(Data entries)
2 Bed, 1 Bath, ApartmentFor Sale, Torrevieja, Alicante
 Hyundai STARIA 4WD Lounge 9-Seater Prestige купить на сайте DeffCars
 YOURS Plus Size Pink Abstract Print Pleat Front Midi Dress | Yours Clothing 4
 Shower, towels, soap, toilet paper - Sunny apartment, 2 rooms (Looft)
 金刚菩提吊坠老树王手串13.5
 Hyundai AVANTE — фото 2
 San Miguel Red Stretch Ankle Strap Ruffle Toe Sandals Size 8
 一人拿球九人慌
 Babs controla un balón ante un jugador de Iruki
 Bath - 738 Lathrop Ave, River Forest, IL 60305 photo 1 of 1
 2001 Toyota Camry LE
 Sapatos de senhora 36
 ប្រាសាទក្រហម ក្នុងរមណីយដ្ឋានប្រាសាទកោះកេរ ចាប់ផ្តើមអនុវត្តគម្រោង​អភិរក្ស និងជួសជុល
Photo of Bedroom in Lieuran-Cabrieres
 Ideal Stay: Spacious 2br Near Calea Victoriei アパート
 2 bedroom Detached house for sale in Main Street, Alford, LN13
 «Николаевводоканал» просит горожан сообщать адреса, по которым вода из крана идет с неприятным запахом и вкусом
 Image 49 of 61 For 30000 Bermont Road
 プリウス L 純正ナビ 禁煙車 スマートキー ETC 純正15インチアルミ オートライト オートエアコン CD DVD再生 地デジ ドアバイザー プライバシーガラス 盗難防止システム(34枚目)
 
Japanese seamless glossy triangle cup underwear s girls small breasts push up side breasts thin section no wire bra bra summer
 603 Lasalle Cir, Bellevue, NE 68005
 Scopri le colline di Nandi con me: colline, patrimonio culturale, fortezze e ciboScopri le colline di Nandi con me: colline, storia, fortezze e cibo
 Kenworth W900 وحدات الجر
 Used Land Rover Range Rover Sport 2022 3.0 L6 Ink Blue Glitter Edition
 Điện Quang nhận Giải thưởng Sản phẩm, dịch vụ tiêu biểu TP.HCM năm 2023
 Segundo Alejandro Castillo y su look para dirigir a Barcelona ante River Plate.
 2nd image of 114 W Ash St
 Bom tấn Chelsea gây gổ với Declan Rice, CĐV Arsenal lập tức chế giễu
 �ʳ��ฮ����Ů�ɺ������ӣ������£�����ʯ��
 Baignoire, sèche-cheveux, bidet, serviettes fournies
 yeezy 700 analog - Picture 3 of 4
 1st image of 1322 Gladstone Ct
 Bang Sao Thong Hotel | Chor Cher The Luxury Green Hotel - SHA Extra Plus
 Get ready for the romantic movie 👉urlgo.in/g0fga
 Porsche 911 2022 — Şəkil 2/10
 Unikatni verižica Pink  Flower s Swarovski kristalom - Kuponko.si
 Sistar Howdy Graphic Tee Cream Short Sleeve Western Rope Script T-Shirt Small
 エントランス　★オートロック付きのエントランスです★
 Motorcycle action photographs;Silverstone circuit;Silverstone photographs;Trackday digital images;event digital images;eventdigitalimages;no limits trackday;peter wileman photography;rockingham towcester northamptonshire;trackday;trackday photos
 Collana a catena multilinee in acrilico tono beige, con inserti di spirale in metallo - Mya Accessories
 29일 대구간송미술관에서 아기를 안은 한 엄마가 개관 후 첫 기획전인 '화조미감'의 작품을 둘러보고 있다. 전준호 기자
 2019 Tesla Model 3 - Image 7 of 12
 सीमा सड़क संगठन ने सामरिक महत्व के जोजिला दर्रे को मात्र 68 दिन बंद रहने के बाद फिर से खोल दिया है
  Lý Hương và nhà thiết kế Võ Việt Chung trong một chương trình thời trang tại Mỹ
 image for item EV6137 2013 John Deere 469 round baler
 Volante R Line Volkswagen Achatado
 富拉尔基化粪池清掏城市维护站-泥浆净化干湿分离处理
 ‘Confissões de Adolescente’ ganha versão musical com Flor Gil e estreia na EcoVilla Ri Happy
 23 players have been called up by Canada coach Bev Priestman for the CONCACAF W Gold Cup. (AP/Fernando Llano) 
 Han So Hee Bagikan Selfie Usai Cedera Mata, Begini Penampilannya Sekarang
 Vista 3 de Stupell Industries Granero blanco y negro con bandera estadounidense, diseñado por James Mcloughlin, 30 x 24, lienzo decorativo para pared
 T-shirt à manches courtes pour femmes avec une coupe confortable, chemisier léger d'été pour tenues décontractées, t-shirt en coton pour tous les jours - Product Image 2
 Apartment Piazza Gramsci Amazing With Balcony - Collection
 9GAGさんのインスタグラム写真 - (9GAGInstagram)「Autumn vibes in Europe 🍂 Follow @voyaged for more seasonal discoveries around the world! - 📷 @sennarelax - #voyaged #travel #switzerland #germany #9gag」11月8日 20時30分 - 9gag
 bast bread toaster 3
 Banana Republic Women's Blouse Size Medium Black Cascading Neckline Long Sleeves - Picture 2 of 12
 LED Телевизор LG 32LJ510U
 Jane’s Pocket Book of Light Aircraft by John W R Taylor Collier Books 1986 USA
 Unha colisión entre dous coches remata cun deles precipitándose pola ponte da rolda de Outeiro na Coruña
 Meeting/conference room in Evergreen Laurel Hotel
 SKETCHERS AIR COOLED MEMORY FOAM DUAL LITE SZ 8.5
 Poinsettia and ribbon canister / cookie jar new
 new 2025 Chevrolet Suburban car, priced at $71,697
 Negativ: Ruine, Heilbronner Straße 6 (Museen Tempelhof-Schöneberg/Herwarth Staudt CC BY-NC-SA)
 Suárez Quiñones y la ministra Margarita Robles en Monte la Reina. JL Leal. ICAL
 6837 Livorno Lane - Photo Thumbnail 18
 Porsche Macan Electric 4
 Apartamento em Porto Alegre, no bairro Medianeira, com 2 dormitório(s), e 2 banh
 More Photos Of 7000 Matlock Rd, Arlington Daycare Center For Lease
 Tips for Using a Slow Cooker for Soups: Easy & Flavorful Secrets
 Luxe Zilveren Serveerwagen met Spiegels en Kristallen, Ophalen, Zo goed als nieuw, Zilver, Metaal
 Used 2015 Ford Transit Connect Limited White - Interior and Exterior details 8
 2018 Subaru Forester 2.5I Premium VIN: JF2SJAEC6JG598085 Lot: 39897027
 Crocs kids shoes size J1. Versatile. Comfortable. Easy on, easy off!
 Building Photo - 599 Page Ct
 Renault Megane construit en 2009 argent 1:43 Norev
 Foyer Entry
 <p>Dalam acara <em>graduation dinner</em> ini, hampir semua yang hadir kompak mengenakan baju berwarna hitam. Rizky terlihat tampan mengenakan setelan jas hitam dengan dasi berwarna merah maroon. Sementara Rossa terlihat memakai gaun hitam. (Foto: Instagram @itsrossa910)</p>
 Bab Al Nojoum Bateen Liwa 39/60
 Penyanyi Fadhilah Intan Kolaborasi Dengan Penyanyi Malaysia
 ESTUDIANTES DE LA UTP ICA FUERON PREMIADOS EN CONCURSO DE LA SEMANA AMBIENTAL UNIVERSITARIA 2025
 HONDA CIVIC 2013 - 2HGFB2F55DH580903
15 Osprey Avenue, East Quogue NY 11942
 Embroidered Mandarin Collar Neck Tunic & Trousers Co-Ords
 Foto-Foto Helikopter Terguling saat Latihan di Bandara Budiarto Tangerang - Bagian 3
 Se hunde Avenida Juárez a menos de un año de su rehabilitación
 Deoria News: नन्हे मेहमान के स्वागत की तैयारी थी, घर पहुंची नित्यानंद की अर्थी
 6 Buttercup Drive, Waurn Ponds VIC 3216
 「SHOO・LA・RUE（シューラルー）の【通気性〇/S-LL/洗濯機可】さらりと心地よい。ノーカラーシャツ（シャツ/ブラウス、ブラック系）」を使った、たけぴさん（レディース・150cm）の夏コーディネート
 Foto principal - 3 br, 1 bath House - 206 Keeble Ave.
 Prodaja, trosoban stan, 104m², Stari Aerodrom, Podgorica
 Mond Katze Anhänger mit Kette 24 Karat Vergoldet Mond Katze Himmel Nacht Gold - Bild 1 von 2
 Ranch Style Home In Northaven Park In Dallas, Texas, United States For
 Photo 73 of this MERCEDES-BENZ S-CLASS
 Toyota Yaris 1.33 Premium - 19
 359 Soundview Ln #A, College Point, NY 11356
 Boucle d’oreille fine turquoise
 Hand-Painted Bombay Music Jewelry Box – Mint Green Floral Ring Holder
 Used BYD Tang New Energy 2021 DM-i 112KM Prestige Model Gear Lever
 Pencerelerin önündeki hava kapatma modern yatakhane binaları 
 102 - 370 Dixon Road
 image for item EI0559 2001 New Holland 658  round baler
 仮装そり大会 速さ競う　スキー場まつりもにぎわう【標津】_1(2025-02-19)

_What is being asked_
Look above for the line that contains "Bath - 738 Lathrop". Starting there, transcribe every line exactly until you have copied the line that contains "Ideal Stay: Spacious".

_Output below_
 Bath - 738 Lathrop Ave, River Forest, IL 60305 photo 1 of 1
 2001 Toyota Camry LE
 Sapatos de senhora 36
 ប្រាសាទក្រហម ក្នុងរមណីយដ្ឋានប្រាសាទកោះកេរ ចាប់ផ្តើមអនុវត្តគម្រោង​អភិរក្ស និងជួសជុល
Photo of Bedroom in Lieuran-Cabrieres
 Ideal Stay: Spacious 2br Near Calea Victoriei アパート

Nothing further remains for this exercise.